▶ _ABOUT THIS TASK_:
Directions for the data below: repeat exactly the lines from the one with "CD - The Kola Koca Death Squad" through the one with "V935DB2100 Skinner Four", both included, and omit all pictures.

▶ _EXTRACTED ENTRIES_:
=== Begin Enclosure ===

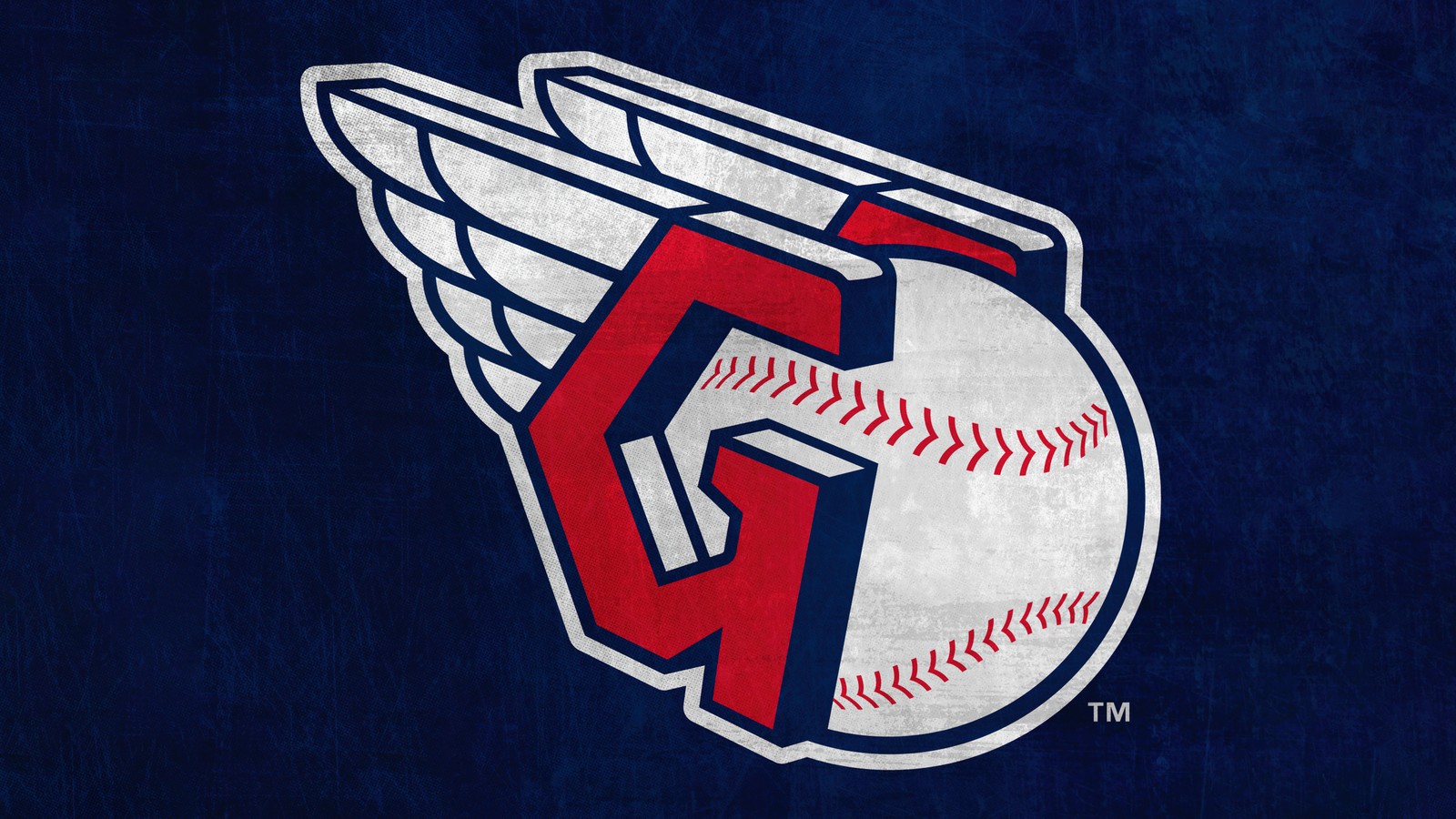 Скачать обои cleveland guardians, бейсбольная команда, майор лига бейсбола mlb, 5k, спорт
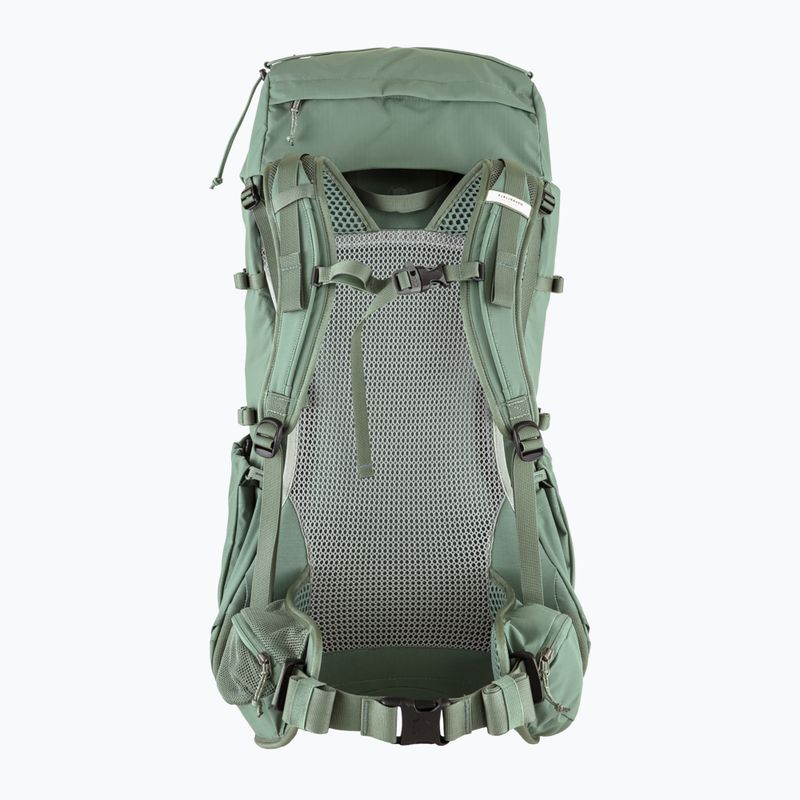 Rucsac de trekking Fjällräven Abisko Friluft M/L 45 l patina green 2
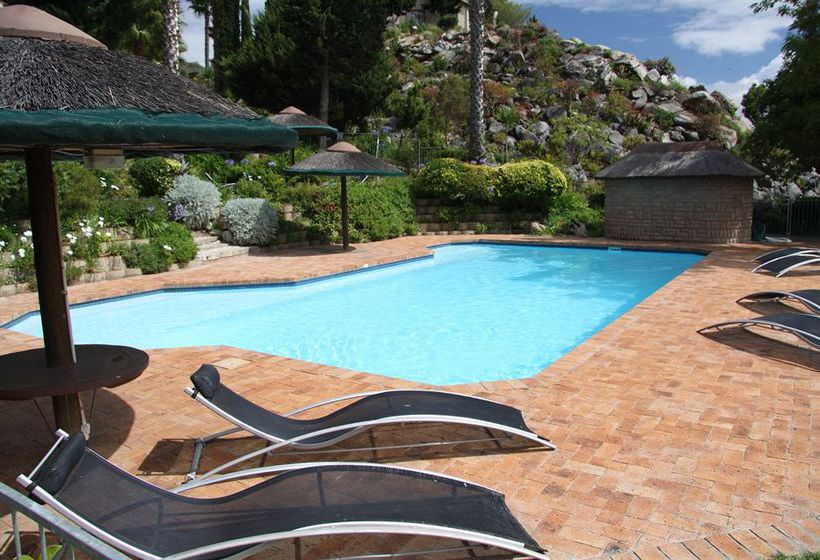 Montagu Springs Resort 7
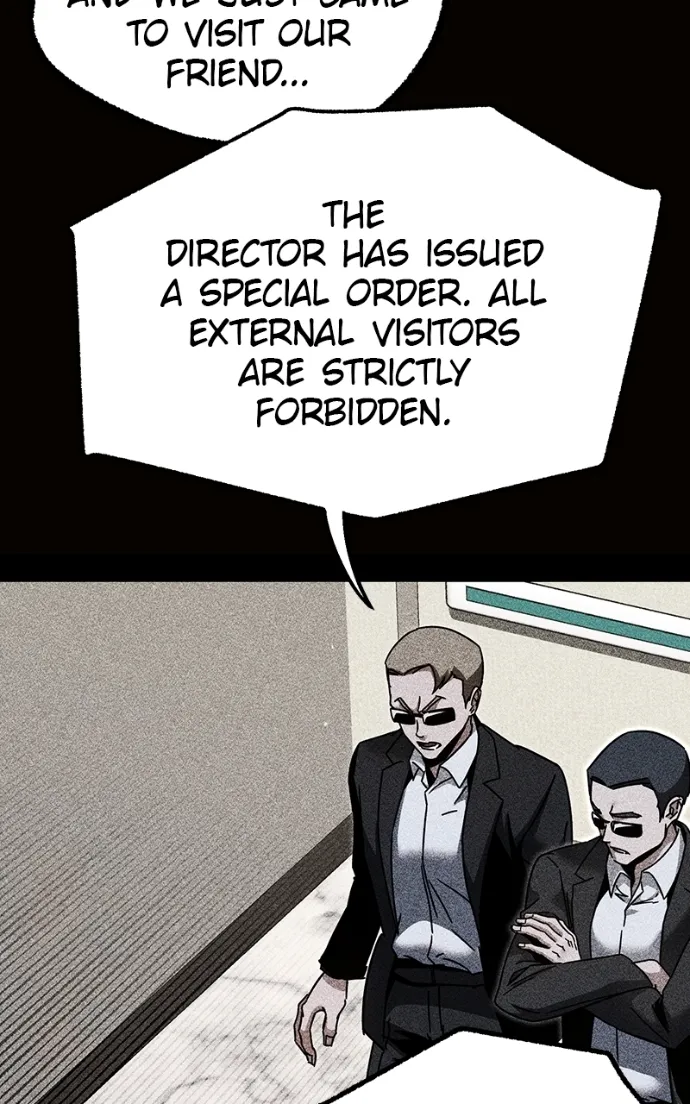 The Academy’s Sashimi Sword Master Chapter 49 - Page 39 in English
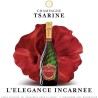 Champagne Tsarine Brut - 37,5 cl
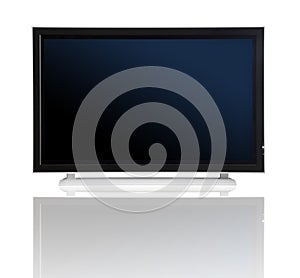 Plasma lcd tv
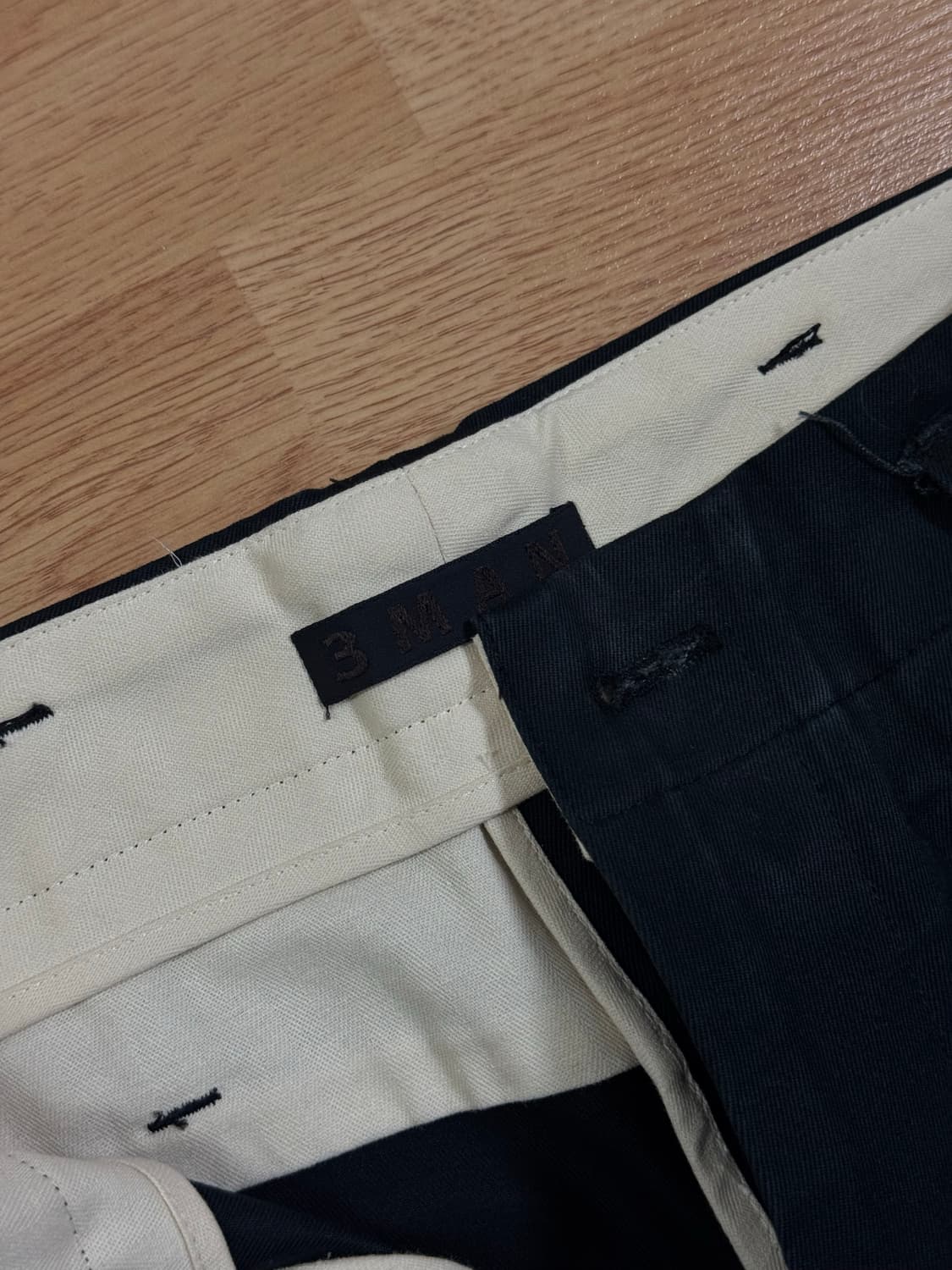 3man riding pants 상품이미지6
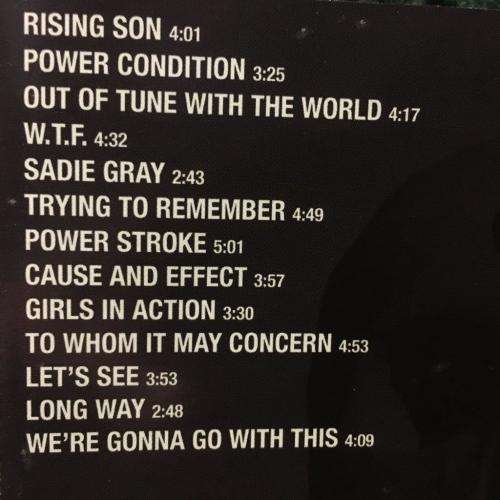 CD - The Kola Koca Death Squad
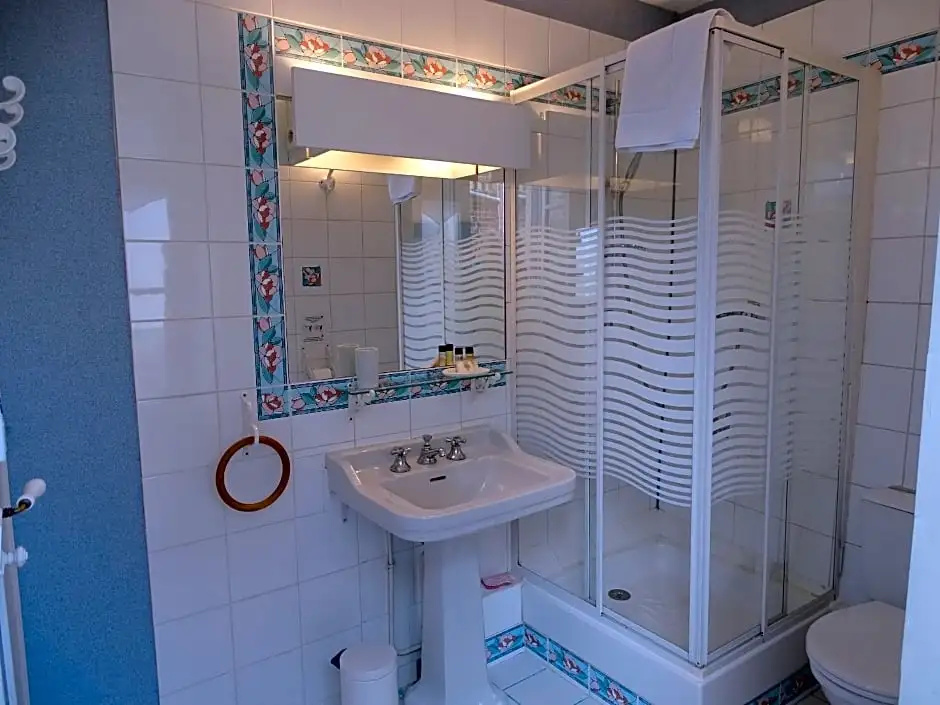 Voir la photo 4 — La Maison Blanche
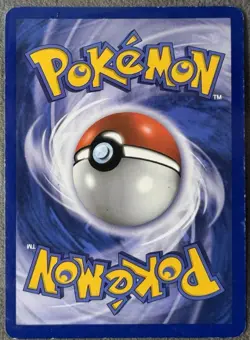 Pokemon Shining Gyarados Holo HeartGold SoulSilver 123/123 - Image 2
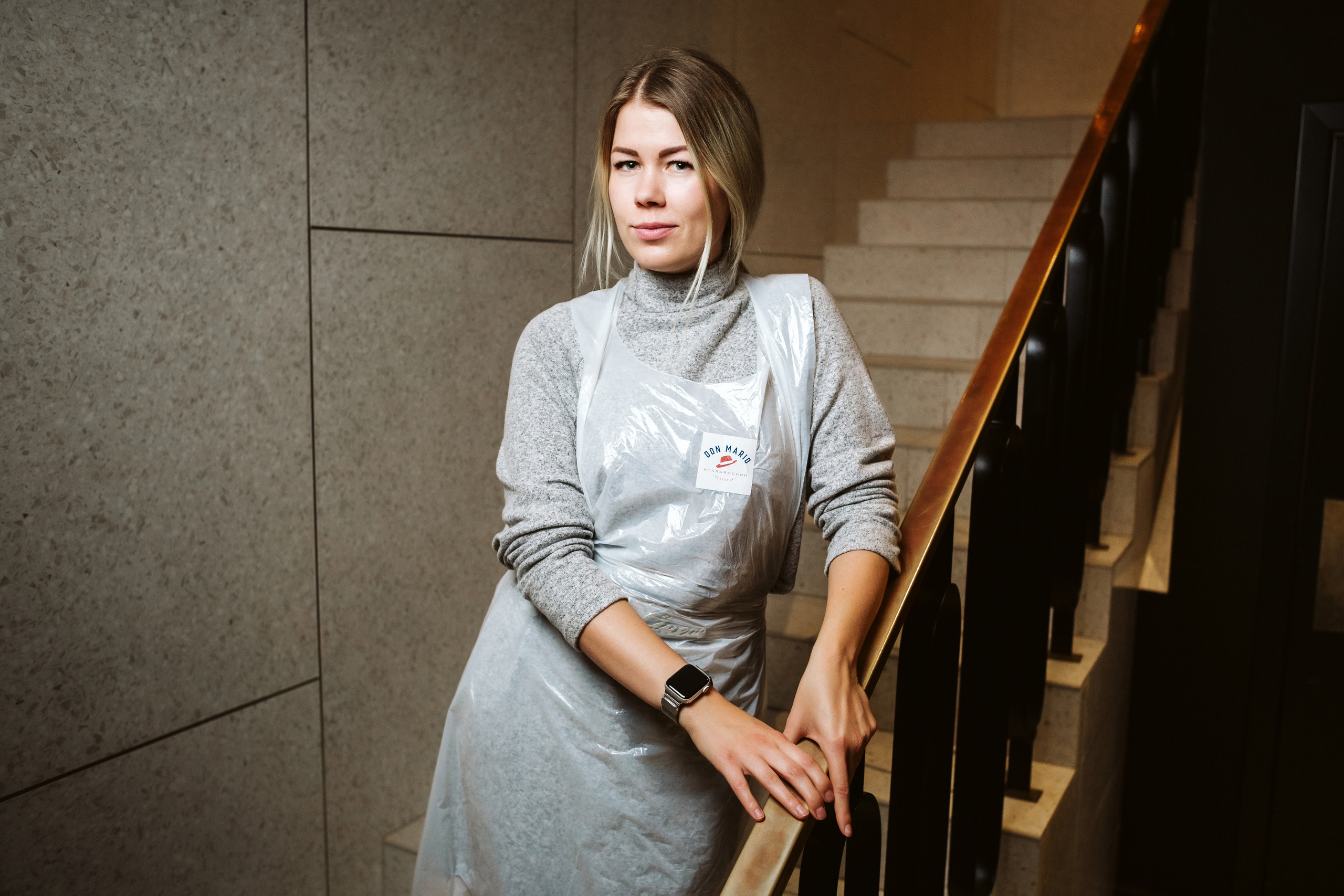 Изучаем локальную кухню в Дон Марио, Таганрог: репортаж. Свадебный и семейный фотограф в Таганроге Бакарюк Антон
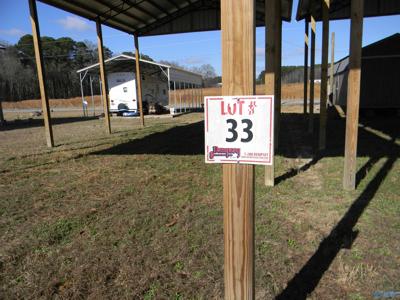 Lot 33 County Road 31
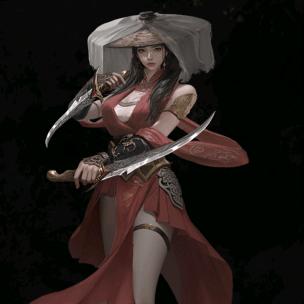 知秋乄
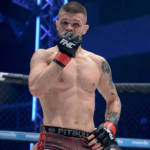 SRBIN „USPAVAO“ ČEŠKOG HULIGANA: Veljko Aleksić dominacijom u Slavonskom Brodu nastavio brutalan niz!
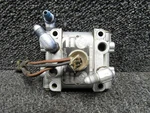 V935DB2100 Skinner Four Way Electric Valve Assembly (24VDC). Fixed Price $140.00.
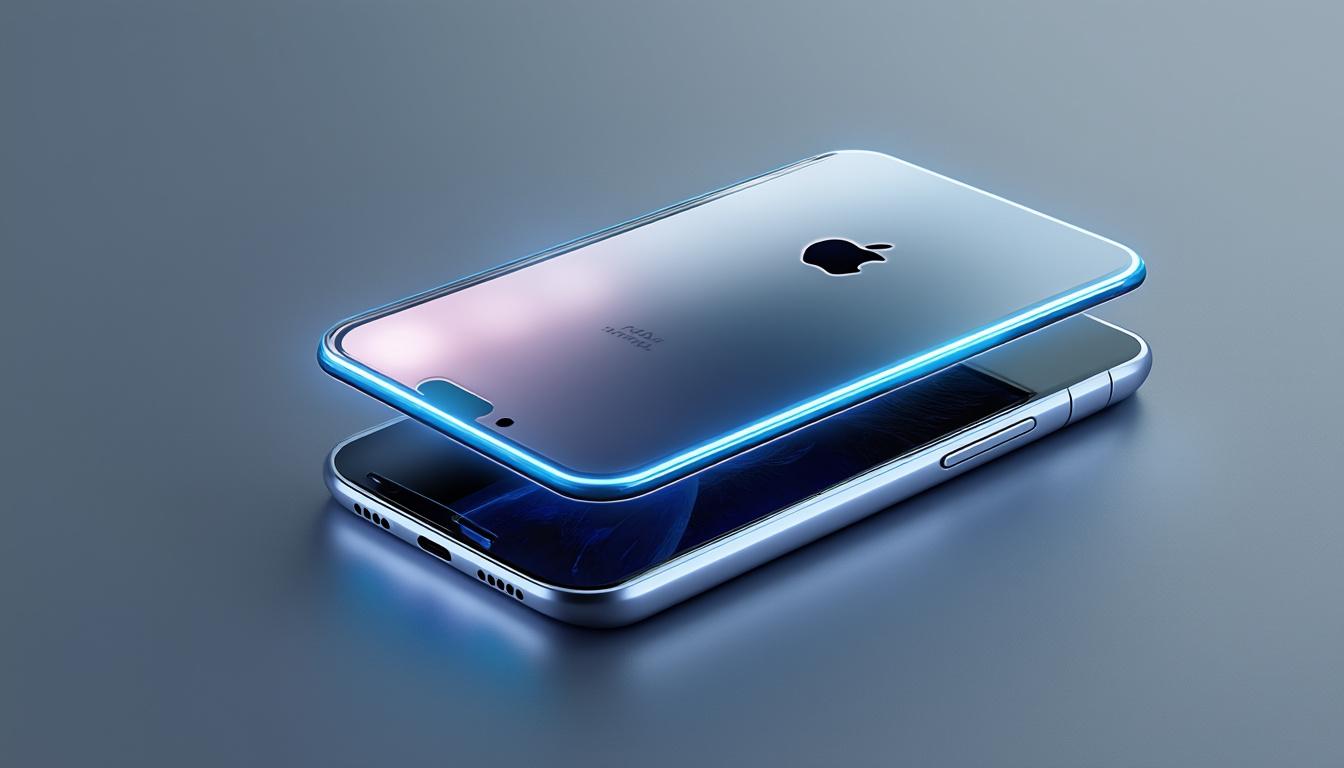 découvrez les 6 fonctionnalités incontournables de l’iphone xx, le modèle anniversaire qui fête les 20 ans d’apple. design innovant, performances inédites : tout ce qu’il faut savoir avant sa sortie !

=== End Enclosure ===

▶ _COMPLETED TASK_:
 CD - The Kola Koca Death Squad
 Voir la photo 4 — La Maison Blanche
 Pokemon Shining Gyarados Holo HeartGold SoulSilver 123/123 - Image 2
 Изучаем локальную кухню в Дон Марио, Таганрог: репортаж. Свадебный и семейный фотограф в Таганроге Бакарюк Антон
 Lot 33 County Road 31
 知秋乄
 SRBIN „USPAVAO“ ČEŠKOG HULIGANA: Veljko Aleksić dominacijom u Slavonskom Brodu nastavio brutalan niz!
 V935DB2100 Skinner Four Way Electric Valve Assembly (24VDC). Fixed Price $140.00.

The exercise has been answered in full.